One more fundamental cause of changes has been the confusion of names derived by one nation from another, these having sometimes followed their signification, but at others being translated phonetically. Thus the Latins, in deriving names from the Greek Ἄρκτος, have partly translated it by Ursa, and partly have copied it in the form Arcticus. So also with reference to the three stars in the head of the Bull, called by the Greeks Hyades. The Romans thought it was derived from ὗες, sows, so they called them suculæ, or little sows; whereas the original name was derived from ὕειν, to rain, and signified stars whose appearance indicated the approach of the rainy season.
More curious still is the transformation of the Pearl of the Northern Crown (Margarita Coronæ) in a saint—S. Marguerite.
The names may have had many origins whose signification is lost, owing to their being misunderstood. Thus figurative language may have been interpreted as real, as when a conjunction is called a marriage; a disappearance, death; and a reappearance, a resurrection; and then stories must be invented to fit these words; or the stars that have in one country given notice of certain events lose the meaning of their names when these are used elsewhere; as when a boat painted near the stars that accompany an inundation, becomes the ship Argo; or when, to represent the wind, the bird's wing is drawn; or those stars that mark a season are associated with the bird of passage, the insect or the animal that appears at that time: such as these would soon lose their original signification.
The celestial sphere, therefore, as we now possess it, is not simply a collection of unmeaning names, associated with a group of stars in no way connected with them, which have been imposed at various epochs by capricious imagination, but in most instances, if not in all, they embody a history, which, if we could trace it, would probably lead us to astronomical facts, indicating the where and the when of their first introduction; and the story of their changes, so far as we can trace it, gives us some clue to the mental characteristics or astronomical progress of the people who introduced the alterations.
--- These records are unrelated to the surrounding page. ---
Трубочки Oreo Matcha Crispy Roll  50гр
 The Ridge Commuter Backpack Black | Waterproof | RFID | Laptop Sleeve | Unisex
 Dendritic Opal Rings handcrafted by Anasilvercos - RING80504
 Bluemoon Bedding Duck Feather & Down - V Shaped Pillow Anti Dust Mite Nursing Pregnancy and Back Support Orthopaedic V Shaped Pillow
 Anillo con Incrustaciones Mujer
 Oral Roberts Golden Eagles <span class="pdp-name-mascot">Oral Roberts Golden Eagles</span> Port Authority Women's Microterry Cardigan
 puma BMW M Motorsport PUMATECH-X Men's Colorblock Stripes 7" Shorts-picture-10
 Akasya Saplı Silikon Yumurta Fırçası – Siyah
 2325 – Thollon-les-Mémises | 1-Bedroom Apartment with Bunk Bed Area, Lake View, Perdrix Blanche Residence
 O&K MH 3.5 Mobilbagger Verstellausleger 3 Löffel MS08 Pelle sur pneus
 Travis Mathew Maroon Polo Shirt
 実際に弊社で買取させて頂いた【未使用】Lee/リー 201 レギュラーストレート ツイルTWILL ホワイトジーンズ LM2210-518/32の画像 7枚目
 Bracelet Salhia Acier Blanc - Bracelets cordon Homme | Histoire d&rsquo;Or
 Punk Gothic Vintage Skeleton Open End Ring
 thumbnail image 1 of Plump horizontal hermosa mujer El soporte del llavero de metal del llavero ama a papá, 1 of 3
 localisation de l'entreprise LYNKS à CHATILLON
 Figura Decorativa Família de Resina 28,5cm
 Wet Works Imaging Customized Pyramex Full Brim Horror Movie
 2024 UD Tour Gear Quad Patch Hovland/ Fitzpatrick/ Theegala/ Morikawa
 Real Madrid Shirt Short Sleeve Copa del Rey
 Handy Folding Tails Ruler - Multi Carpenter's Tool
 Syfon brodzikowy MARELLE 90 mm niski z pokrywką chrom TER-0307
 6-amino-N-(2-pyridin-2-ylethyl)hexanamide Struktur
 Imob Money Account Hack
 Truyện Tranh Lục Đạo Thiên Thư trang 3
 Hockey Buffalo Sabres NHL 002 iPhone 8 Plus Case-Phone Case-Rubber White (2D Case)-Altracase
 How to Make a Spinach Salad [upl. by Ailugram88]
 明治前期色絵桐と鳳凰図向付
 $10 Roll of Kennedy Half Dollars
We shall find, indeed, in a subsequent chapter, that many of our conclusions as to the birth and growth of astronomy are derived from considerations connected with the various constellations, more especially those of the zodiac.
With regard to the date when and the country where the constellations of the sphere were invented, we will here give what evidence we possess, independent of the origin of the zodiac.
In the first place it seems capable of certain proof that they were not invented by the Greeks, from whom we have received them, but adopted from an older source, and it is possible to give limits to the date of introduction among them.
Newton, who attributes its introduction to Musæus, a contemporary of Chiron, remarks, that it must have been settled after the expedition of the Argonauts, and before the destruction of Troy; because the Greeks gave to the constellation names that were derived from their history and fables, and devoted several to celebrate the memory of the famous adventurers known as the Argonauts, and they would certainly have dedicated some to the heroes of Troy, if the siege of that place had happened at the time. We remark that at this time astronomy was in too infant a state in Greece for them to have fixed with so much accuracy the position of the stars, and that we have in this a proof they must have borrowed their knowledge from older cultivators of the science.
The various statements we meet with about the invention of the sphere may be equally well interpreted of its introduction only into Greece. Such, for instance, as that Eudoxus first constructed it in the thirteenth or fourteenth century B.C., or that by Clement of Alexandria, that Chiron was the originator.
The oldest direct account of the names of the constellations and their component stars is that of Hesiod, who cites by name in his Works and Days the Pleiades, Arcturus, Orion, and Sirius. He lived, according to Herodotus, about 884 years before Christ.